DIRECTIONS FOR THIS TASK – Your answer must be the exact lines from the one holding "Fahrrad EKG Herzschlag" through the end of the entries, with no pictures.

TASK MATERIAL –
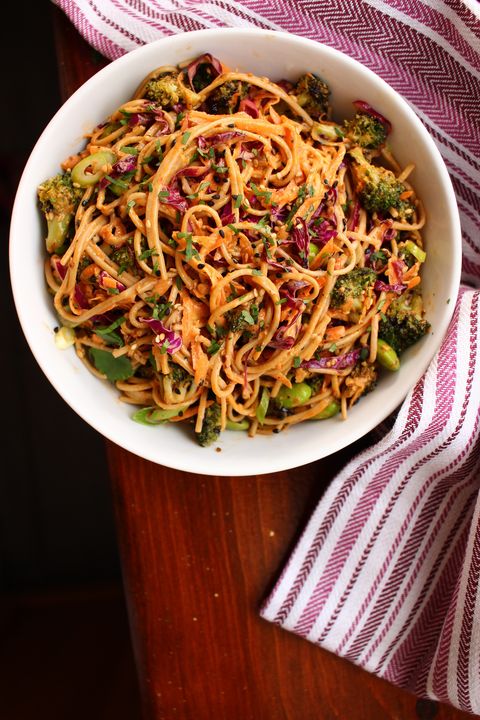creamy noodle salad with red cabbage, broccoli, and edamame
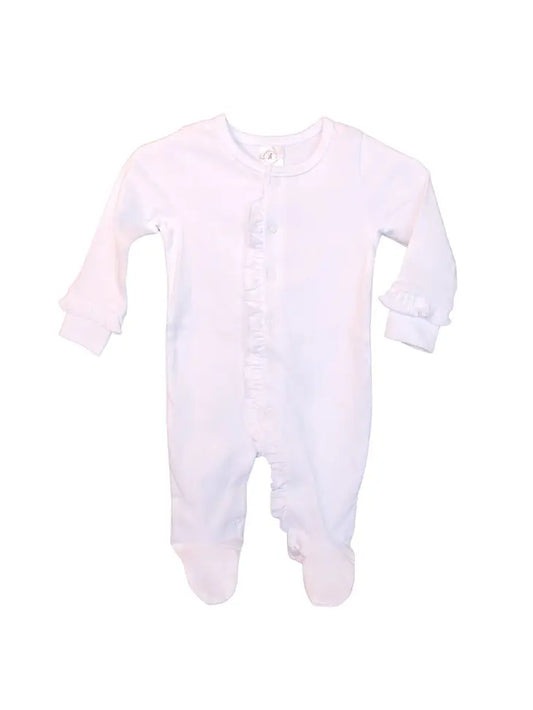 White Cotton Ruffle Footie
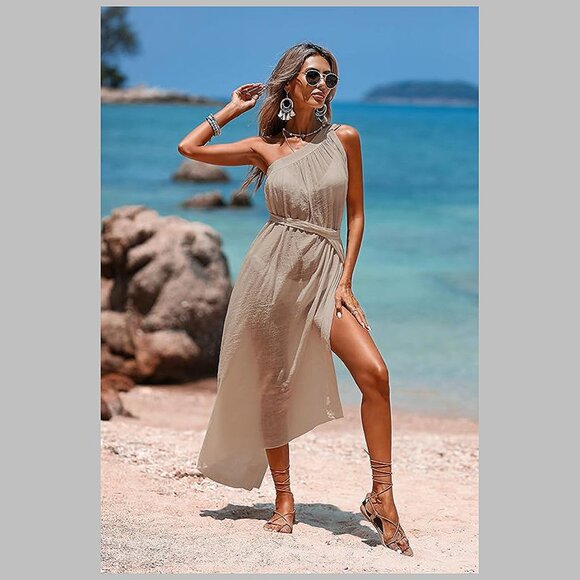 Beach Sarong Pareo Womens Semi-Sheer Swimwear Khaki 55 - Picture 5 of 6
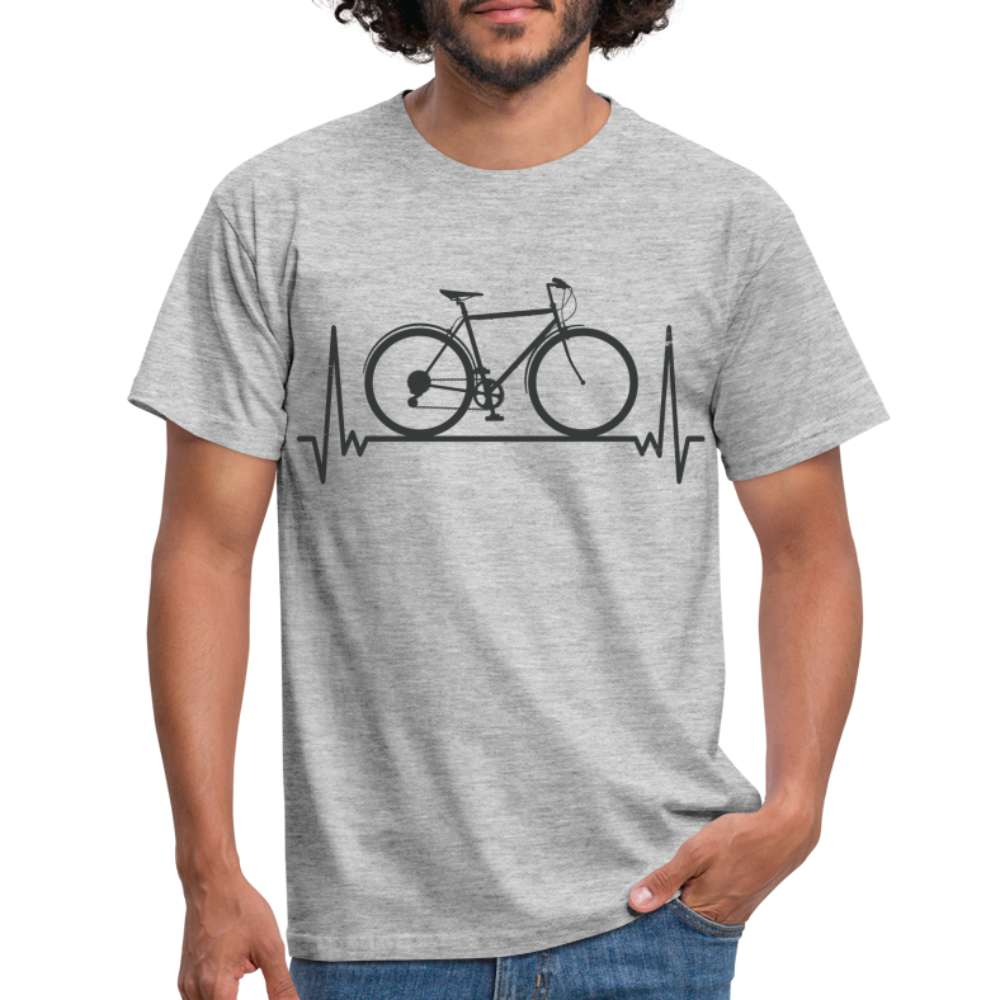Fahrrad EKG Herzschlag Radfahrer aus Leidenschaft T-Shirt - Grau meliert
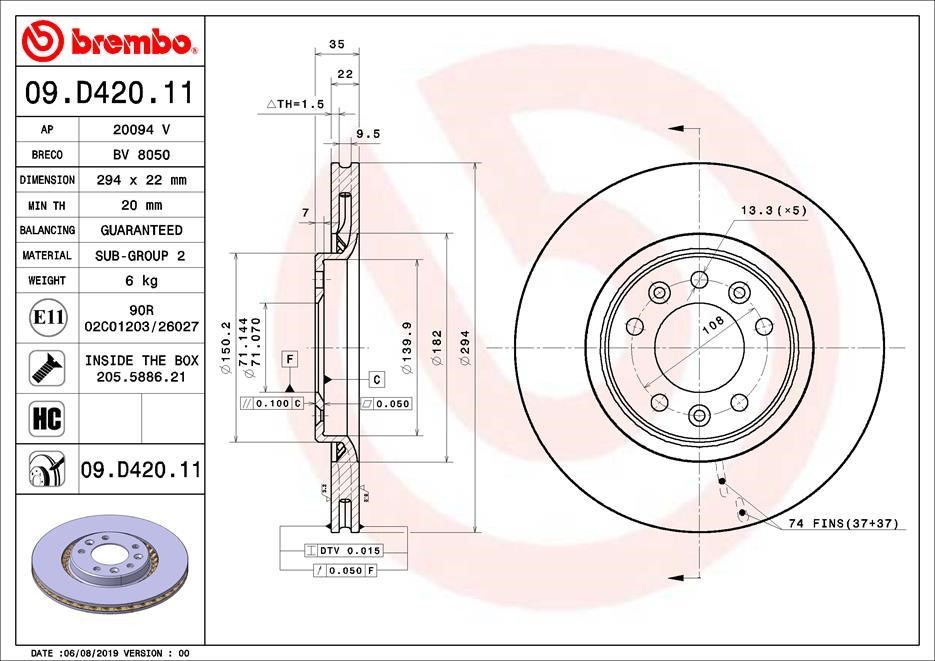 Brembo 09.D420.11 Ventilated disc brake, 1 pcs. 09D42011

RESULT BELOW –
Fahrrad EKG Herzschlag Radfahrer aus Leidenschaft T-Shirt - Grau meliert
 Brembo 09.D420.11 Ventilated disc brake, 1 pcs. 09D42011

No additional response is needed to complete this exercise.